Urban Meyer has long used a style of kickoff -- part coffin-corner, part pooch kick -- that placed the ball inside the 10 to the left of the kick formation. The intended result is for the hang time to allow the kick coverage to get downfield, swarm that area and drop the returner near his own end zone. It's been highly effective in the past, with the Buckeyes -- also due in part to some excellent punting -- routinely being among the nation's best teams in opponent average starting field position.
Nick Saban....
Just look at the film from Alabama's 45-7 victory over Tennessee. On the two occasions Scott kicked the ball deep into the end zone to produce a touchback, he directed the ball toward the center of the field. On the other six kickoffs, when the ball landed just short of the goal line or a few yards past it, he aimed toward the left corner.
In four of those instances, Tennessee elected to execute a return, and three times the Volunteers were stopped short of the 25-yard line.
Of the 33 times opponents have returned Scott's kickoffs this season, they have started their ensuing offensive possession past the 25-yard line only seven times.
"The most important thing on kickoffs is placement," (the kicker) Scott said last month. "You want to get it closer to the corner, more like on the numbers because that's how our coverage is most successful, when we place it in that area.

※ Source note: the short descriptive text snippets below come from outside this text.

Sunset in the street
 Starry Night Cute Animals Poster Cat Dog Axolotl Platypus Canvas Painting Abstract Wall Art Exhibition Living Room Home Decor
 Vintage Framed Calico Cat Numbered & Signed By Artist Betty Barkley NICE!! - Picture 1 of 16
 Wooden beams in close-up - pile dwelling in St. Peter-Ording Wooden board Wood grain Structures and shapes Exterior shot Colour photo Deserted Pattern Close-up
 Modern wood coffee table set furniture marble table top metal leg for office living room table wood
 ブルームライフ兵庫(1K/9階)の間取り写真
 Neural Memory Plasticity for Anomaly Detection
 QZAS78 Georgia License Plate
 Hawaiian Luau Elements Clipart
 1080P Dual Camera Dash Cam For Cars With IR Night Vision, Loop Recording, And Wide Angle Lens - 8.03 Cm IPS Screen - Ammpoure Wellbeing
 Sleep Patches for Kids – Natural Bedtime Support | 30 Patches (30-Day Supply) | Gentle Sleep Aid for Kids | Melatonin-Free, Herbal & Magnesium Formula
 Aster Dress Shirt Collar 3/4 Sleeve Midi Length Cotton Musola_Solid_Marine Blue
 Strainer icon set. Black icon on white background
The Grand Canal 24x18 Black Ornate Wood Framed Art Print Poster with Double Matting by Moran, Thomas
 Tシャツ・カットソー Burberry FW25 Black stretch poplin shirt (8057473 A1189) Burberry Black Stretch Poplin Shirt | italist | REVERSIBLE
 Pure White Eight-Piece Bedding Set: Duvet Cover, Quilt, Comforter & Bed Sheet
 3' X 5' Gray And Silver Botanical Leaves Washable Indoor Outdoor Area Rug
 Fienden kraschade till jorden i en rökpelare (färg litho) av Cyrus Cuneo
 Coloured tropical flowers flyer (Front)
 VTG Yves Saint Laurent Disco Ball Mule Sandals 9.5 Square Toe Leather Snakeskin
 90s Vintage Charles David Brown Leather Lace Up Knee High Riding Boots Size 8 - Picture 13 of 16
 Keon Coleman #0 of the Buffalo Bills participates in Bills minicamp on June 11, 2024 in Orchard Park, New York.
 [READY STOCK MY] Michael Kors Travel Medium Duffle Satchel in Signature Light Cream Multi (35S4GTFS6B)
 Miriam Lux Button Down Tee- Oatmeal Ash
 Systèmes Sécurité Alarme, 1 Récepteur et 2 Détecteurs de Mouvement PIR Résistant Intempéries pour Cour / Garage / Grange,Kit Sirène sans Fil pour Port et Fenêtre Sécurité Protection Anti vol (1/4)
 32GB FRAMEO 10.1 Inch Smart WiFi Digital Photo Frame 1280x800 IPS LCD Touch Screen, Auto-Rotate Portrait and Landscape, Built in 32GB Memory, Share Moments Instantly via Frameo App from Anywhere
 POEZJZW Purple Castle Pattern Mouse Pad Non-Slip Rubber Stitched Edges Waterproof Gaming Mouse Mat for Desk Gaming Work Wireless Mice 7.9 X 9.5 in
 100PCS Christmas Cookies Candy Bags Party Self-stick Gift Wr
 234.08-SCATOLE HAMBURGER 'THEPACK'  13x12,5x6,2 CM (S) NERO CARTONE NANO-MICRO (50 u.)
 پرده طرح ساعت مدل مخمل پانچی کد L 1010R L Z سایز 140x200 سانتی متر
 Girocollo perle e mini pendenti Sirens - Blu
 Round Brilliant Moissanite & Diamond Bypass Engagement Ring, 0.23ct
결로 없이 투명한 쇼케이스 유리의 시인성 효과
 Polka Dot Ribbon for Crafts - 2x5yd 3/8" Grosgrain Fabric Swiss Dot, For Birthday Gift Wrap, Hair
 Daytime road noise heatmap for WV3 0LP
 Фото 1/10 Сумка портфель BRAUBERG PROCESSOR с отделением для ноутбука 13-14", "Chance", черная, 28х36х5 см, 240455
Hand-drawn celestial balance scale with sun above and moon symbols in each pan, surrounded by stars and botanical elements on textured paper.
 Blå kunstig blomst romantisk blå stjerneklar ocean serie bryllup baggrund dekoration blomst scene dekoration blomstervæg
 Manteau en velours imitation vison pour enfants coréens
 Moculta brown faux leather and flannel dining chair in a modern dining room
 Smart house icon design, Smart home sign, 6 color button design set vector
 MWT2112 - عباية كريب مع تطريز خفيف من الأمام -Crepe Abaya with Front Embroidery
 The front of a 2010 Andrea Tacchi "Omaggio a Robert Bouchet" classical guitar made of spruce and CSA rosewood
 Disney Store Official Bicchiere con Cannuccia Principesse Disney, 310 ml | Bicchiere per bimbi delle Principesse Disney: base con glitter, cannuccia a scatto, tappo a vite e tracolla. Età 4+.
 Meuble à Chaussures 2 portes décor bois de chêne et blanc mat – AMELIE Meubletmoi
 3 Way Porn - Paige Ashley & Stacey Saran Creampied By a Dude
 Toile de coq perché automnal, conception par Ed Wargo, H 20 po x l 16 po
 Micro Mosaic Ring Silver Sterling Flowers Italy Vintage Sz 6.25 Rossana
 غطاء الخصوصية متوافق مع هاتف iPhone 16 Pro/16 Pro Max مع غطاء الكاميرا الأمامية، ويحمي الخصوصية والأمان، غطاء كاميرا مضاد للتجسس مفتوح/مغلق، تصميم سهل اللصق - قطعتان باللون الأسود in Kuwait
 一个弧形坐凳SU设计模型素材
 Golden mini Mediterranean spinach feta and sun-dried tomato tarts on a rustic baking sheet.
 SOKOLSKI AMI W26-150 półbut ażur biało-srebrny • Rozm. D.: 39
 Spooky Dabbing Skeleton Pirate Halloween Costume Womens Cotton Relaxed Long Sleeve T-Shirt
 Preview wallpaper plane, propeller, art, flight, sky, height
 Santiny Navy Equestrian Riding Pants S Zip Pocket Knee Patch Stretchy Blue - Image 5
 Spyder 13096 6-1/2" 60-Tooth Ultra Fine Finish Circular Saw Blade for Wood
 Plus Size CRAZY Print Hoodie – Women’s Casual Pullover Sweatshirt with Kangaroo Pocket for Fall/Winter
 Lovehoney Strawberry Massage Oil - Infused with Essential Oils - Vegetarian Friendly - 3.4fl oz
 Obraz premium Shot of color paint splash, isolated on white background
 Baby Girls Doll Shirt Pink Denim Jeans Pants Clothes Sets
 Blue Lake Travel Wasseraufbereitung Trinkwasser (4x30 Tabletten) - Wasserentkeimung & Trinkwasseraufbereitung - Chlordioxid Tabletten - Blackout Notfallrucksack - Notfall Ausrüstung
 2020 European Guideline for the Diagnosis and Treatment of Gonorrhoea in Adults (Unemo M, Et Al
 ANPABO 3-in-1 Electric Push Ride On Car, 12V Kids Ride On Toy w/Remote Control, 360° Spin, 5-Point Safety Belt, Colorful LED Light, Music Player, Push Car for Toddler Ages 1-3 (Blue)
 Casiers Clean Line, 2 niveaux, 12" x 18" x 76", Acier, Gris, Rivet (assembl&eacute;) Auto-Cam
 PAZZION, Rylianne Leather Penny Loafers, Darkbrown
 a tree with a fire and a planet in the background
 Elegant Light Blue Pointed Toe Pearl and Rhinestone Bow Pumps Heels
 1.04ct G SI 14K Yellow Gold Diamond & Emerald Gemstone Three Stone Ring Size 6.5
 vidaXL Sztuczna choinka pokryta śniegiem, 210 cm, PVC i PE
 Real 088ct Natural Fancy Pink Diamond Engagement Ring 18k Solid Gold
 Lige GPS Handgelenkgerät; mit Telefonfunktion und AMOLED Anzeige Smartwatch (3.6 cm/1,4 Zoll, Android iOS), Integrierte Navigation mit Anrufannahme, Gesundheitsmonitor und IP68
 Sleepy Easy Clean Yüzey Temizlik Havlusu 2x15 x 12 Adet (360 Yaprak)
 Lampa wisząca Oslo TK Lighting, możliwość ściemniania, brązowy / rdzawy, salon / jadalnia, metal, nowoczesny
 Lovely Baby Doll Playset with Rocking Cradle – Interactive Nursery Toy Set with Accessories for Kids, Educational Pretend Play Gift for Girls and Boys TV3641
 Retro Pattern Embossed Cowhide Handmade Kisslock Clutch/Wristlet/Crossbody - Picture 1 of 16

That's what I focus on the most. Obviously they want touchbacks but placement is most important."
That's especially true if the team kicking off is attempting to coax a return.
"I'm happy with the way our guys cover, and I have a lot of confidence in it and we've had a lot of tackles inside the 20," Saban conceded. "So our drive start for kickoff coverage has been very good. And sometimes it's probably been better when we haven't kicked it in the end zone
The Patriots took an aggressive, creative approach after the NFL, in 2016, adopted a new rule moving the touchback line five yards farther forward to the 25-yard line just as the NCAA did four years earlier.
"We'll see how it all plays out, but in looking at a few other games it looks like there are a lot of teams that are doing some of the directional, corner-type kicking with good hang time," New England coach Bill Belichick, Saban's former boss, said in September 2016. "Just kind of popping the ball up in the air and making teams bring it out, which isn't surprising."
Last season, only 72 percent of the Patriots' 93 kickoffs reached the end zone -- the seventh-lowest rate in the NFL.
The year before, when the touchback line was still the 20, 90.8 percent of their kickoffs crossed the goal line.
The kicker both seasons was Stephen Gotskowski
"I think getting the ball out to the 25-yard line is obviously harder than getting it out to the 20 and those touchbacks that put it on the 20," Belichick said. "I mean I know it's only five yards and five yards is five yards, but it just seems like it's a lot easier for teams to just touchback and put the ball on the 20, whereas now there's just a little more incentive to make them return it to the 25 as opposed to just handing them the ball on the 25-yard line."